• [About this task]
Leave out the pictures and restate every entry word for word.

[Start of Attachment]

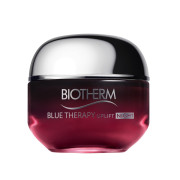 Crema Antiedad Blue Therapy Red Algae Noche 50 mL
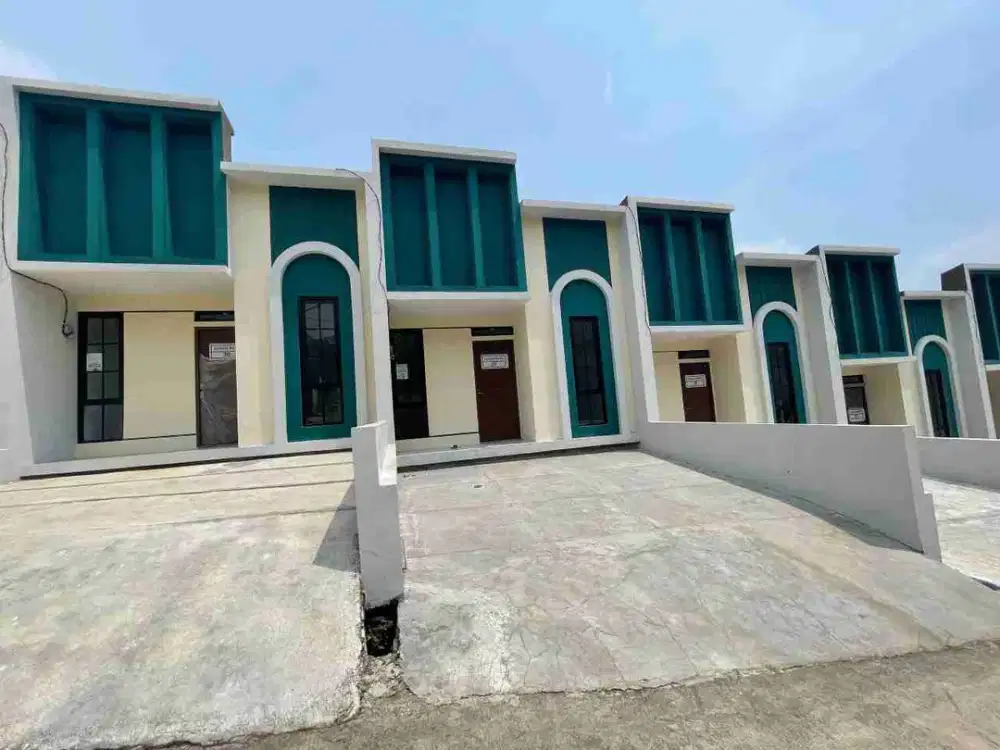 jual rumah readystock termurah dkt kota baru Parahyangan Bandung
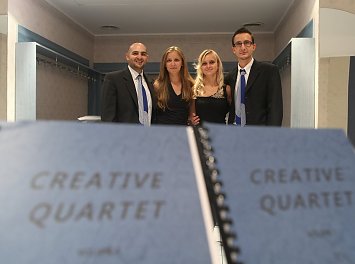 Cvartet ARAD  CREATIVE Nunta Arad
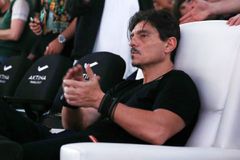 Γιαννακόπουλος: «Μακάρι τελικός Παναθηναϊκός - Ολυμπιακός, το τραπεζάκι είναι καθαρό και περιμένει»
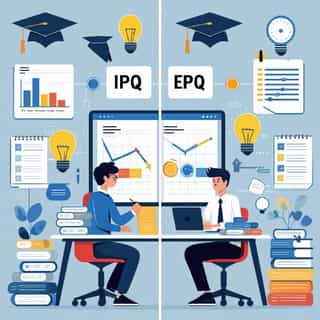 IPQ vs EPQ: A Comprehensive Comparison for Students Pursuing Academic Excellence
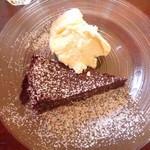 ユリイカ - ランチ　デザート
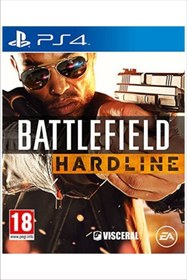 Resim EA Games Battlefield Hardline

[End of Attachment]

• [Written solution]
 Crema Antiedad Blue Therapy Red Algae Noche 50 mL
 jual rumah readystock termurah dkt kota baru Parahyangan Bandung
 Cvartet ARAD  CREATIVE Nunta Arad
 Γιαννακόπουλος: «Μακάρι τελικός Παναθηναϊκός - Ολυμπιακός, το τραπεζάκι είναι καθαρό και περιμένει»
 IPQ vs EPQ: A Comprehensive Comparison for Students Pursuing Academic Excellence
 ユリイカ - ランチ　デザート
 Resim EA Games Battlefield Hardline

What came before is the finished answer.